MyScaleDB is an open-source cloud-native SQL vector database optimized for AI applications and solutions, built on the open-source ClickHouse database, allowing us to effectively manage massive volumes of data for the development of robust and scalable AI applications. Some of the most significant benefits of using MyScaleDB include:
- Built for production AI applications: Manages and supports search and analytical processing of structured text, and vectorized data on a single platform. Combining different data modalities, such as in filtered search, is also crucial for improving RAG accuracy.
- Built for performance and scalability: Cutting-edge OLAP database architecture combined with advanced vector algorithms to perform vector operations at incredible speeds, scalability and cost-efficiency.
- Built for universal accessibility: SQL with vector-related functions is the only programming language needed to interact with MyScaleDB.

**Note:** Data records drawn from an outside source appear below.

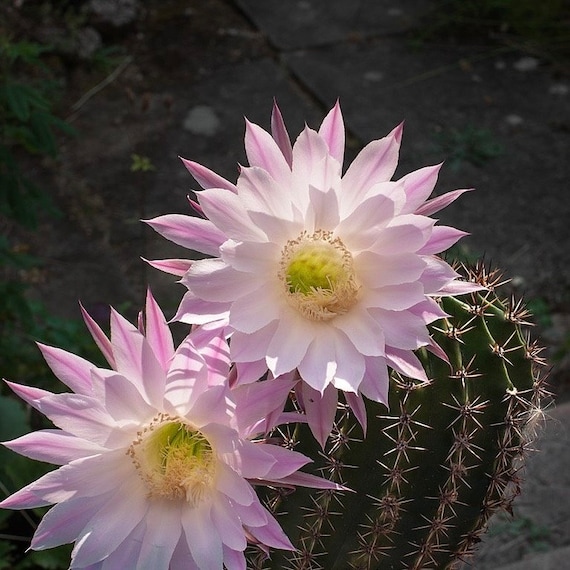Easter Lily Cactus 3 pups rooted Echinopsis oxygona Purple Flower Live Plant  Bare-root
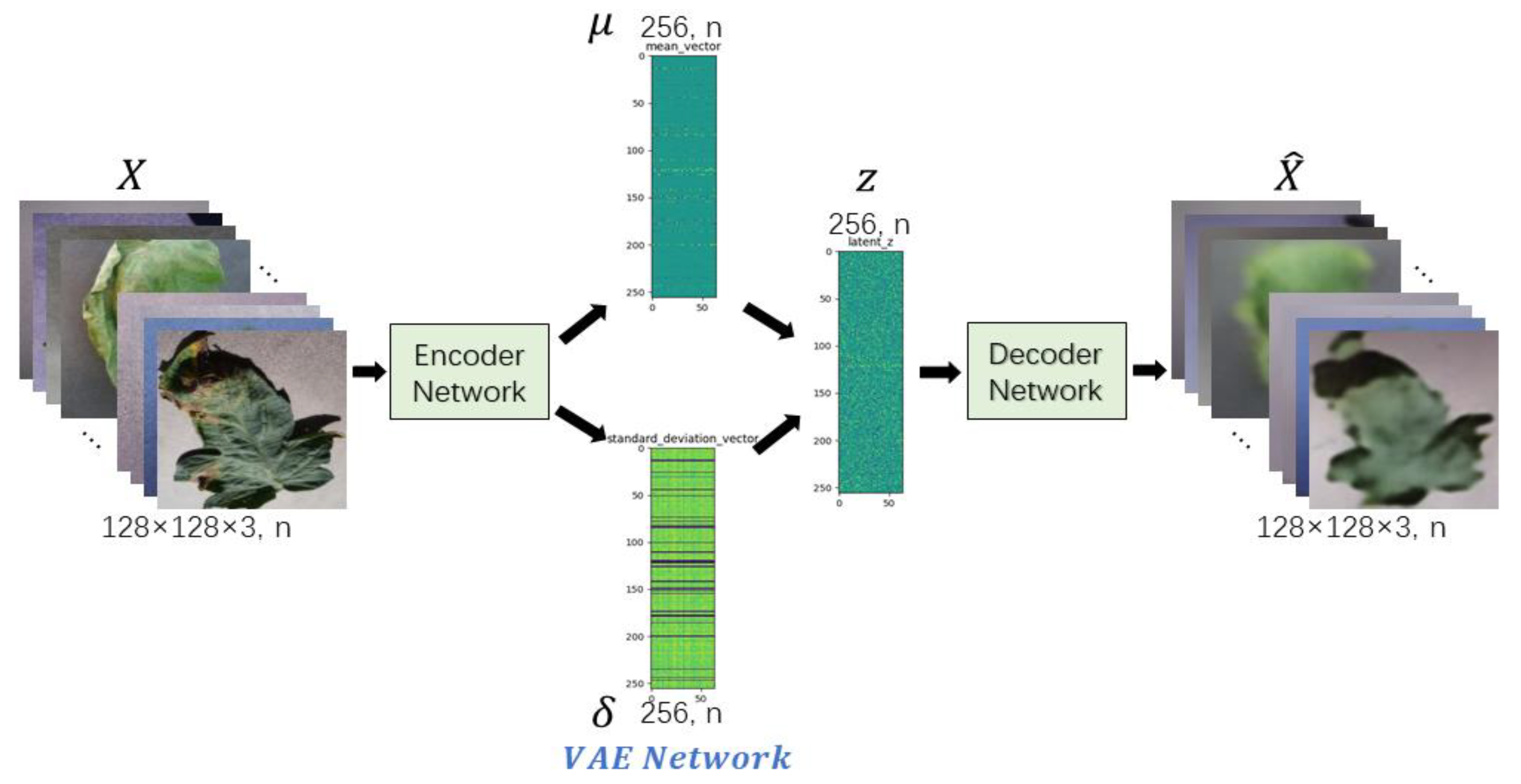 Agriculture 11 00981 g001 550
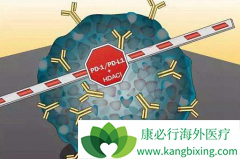 ����ЩPD-1ҩ���Ѿ����й��걨����?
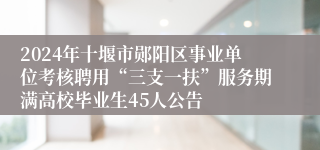 2024年十堰市郧阳区事业单位考核聘用“三支一扶”服务期满高校毕业生45人公告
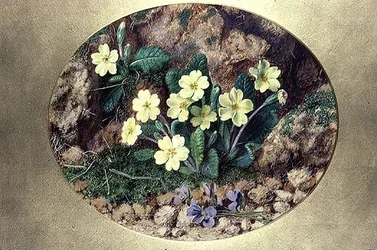 Sleutelbloemen en viooltjes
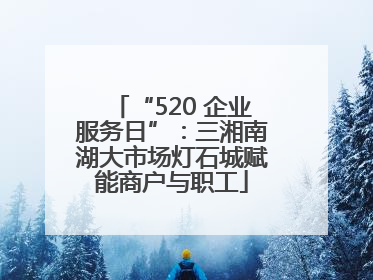 “520 企业服务日”：三湘南湖大市场灯石城赋能商户与职工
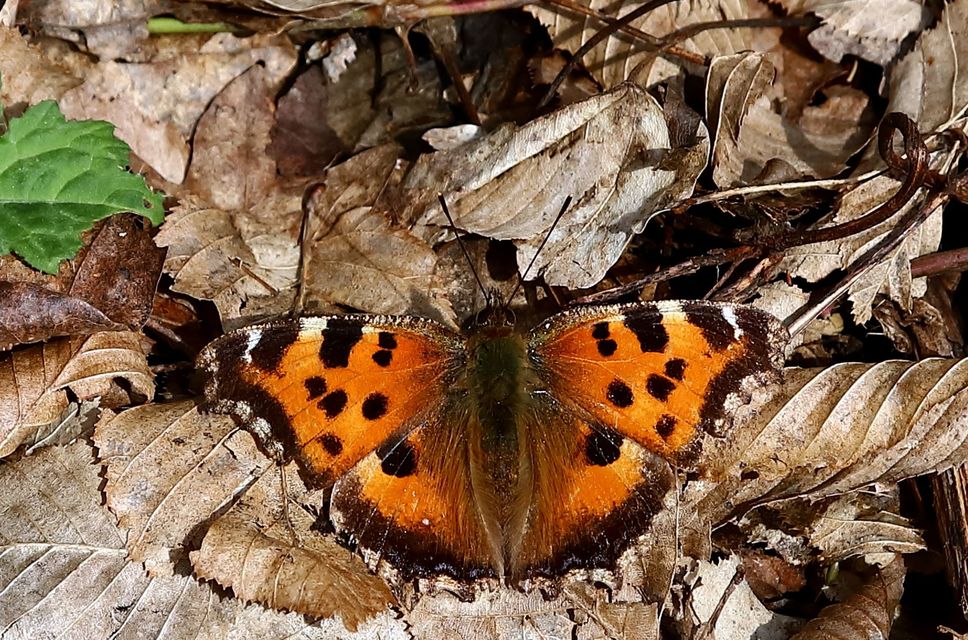Nymphalis xanthomelas - vörös rókalepke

Compared with specialized vector databases that use custom APIs, MyScaleDB is more powerful, performant, and cost-effective while remaining simpler to use. This makes it suitable for a large community of programmers. Additionally, when compared to integrated vector databases like PostgreSQL with pgvector or ElasticSearch with vector extensions, MyScaleDB consumes fewer resources and achieves better accuracy and speed for structured and vector joint queries, such as filtered searches.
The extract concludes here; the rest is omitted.